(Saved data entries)
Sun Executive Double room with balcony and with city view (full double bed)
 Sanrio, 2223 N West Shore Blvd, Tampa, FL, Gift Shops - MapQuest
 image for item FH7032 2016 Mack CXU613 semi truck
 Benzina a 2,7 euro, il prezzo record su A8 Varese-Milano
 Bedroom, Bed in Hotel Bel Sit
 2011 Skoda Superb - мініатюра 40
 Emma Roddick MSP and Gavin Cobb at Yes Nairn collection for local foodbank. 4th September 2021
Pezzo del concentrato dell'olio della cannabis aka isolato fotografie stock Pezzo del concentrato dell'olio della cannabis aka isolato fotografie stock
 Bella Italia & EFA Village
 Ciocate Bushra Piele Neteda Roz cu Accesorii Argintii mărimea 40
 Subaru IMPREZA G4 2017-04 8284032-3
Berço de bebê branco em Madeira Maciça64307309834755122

- _TASK PROMPT_: Word for word, retype the lines from the one containing "Bella Italia & EFA Village" through the final line of the data, including both ends and nothing more.

- _SOLUTION FOR THIS TASK_:
 Bella Italia & EFA Village
 Ciocate Bushra Piele Neteda Roz cu Accesorii Argintii mărimea 40
 Subaru IMPREZA G4 2017-04 8284032-3
Berço de bebê branco em Madeira Maciça64307309834755122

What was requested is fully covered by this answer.